Is there a way to communicate this that doesn’t sound stupid?
10 thoughts on “Functional Headcase”
You’re afraid to do the thing you want because you won’t have time to do all the other things and the world will end in fire and blood.
You do the thing you want. The world doesn’t precisely end. Maybe you can make some time and the world won’t end all the way after all.
Are you seriously suggesting that the world will continue to turn if I am not working the crank? Surely not. Surely not.
Words at 10:30: 720
I’m saying that there may be enough momentum if you crank it really really hard just before you stop to write that it may spin for a little while. (:
No words yet: But there is French Toast.
French Toast is as necessary to the health of one’s soul as any bon mot. And tastes better with syrup.
Not only that, but its perhaps just possible that the kitchen will avoid turning into a complete morass of slime and toxic bacteria with the help of your family. Asking for help takes much less time than doing it oneself. Asking for help can also happen while one’s butt is in front of the keyboard.
Yesbut. When my workload gets larger, or the urgency more intense, the portion of my mind that actually acknowledges that my genes do not come from Krypton quickly erodes, leaving nothing but an overwhelmed idiot in blue long johns. I forget how to ask for help.

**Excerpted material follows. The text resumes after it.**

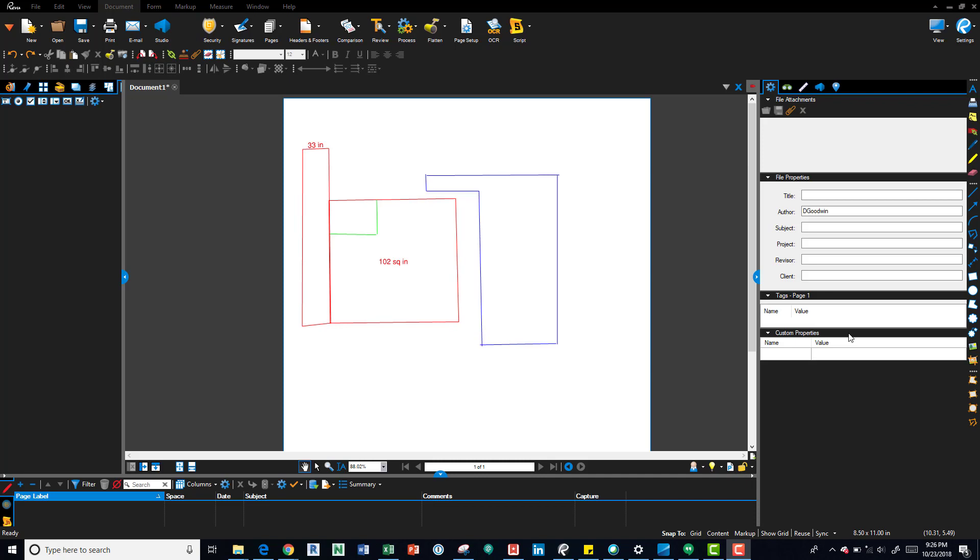If you're wanting to take it from a color drawing like this to black and white or grayscale, or you want to change some of the colors within there, like red to maybe orange or pink or green, whatever the case may be, those capabilities are here within Bluebeam.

It’s a problem I’m working on.
I have a variant of that, which is that I didn’t write because I was afraid of what I’d find out if I did. But if I gritted my teeth and wrote anyway, I discovered that nothing really bad happened and it was All Okay. So the more I wrote, the more I was able to write! Now that I’ve fallen far out of the habit I’m having exactly the same sort of neuroses about starting again, but it’s made easier by the memory that teeth-gritting works.
And I don’t know how to communicate that clearly, but I think there’s something fundamental to “In order to write you have to keep writing”, because so many authors seem to need to make themselves write on a schedule (every day, every weekend, whatever). The fundamental reasons might vary a lot, but in the end I think ‘Keep writing so you can keep writing’ applies to an awful lot of people.
Just so, and, yes, I’m hearing from a bundle of people with similar issues. One suspects a clever conspiracy from the Far Right, seeking to destroy creativity in all its forms.
But, one always does.
Strangely, I’m having a similar experience with exercise.
“I don’t have time to exercise,” I said to myself. Then I started getting up at ungodly hours of the morning and walking. Then I started walking in the afternoon. Then I found a friend with whom to walk in the afternoon. Now I can’t imagine not walking. I’m getting approximately 2 hours of physical activity every day. That’s not bad. Where is that two hours coming from? What am I missing out on doing? Oh. Yeah. Procrastinating about other things.
So, if I get up at ungodly hours of the morning and exercise, I’ll write. I’m game. I’ll miss procrastinating, though.